Memory issues are all but lies these days. Memory usage has improved so much over the past few years. Firefox is actually better with memory usage than Chrome in many ways. The core app doesn't take too much memory on first load. It doesn't have memory leaks.
There are some intentional features which cause Firefox to eat up some memory that you can turn off, such as Firefox keeping fully rendered pages in memory, so that when you hit the back button, they just display immediately without having to re-render.

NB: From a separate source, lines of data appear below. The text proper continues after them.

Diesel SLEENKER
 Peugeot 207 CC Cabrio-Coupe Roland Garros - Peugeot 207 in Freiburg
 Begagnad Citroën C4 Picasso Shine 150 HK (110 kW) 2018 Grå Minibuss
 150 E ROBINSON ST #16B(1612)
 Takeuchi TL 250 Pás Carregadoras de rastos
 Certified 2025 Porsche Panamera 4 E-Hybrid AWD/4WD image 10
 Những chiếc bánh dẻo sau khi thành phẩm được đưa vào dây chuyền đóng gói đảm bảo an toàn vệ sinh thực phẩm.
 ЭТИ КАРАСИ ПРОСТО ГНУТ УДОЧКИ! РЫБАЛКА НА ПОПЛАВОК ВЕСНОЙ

When you close a tab, it still keeps that full session in memory for some time, so that you can reopen the closed tab with full rendered pages and history if you want.
If you don't like these features, turn them off. Not to mention, these are set to use dynamic chunks of memory which is preportional to your total memory. If you have a desktop with 8 gigs of memory that you're not using, why get upset that Firefox is using 300-400 megs of memory?
Unused memory isn't doing you any good.
Stop with the FUD. Real geeks know better and see right through BS and lies.
http://blindscribblings.com - Tasty pop-culture in conceptual fashion.
The far and away priority one feature should be Multithreading. Each tab and each plugin should have its own process and its own memory space, so that a crash of one tab/plugin, or one tab/plugin using loads of CPU power, should have practically no effect on my other tabs/plugins on my 4-core CPU.
So I don't care about copying Chrome's GUI. But copying Chrome's sandboxing and multithreading architecture I very much care about!
There is a Mozilla project to implement this, but the project page hasn't been updated in months, as far as I can tell.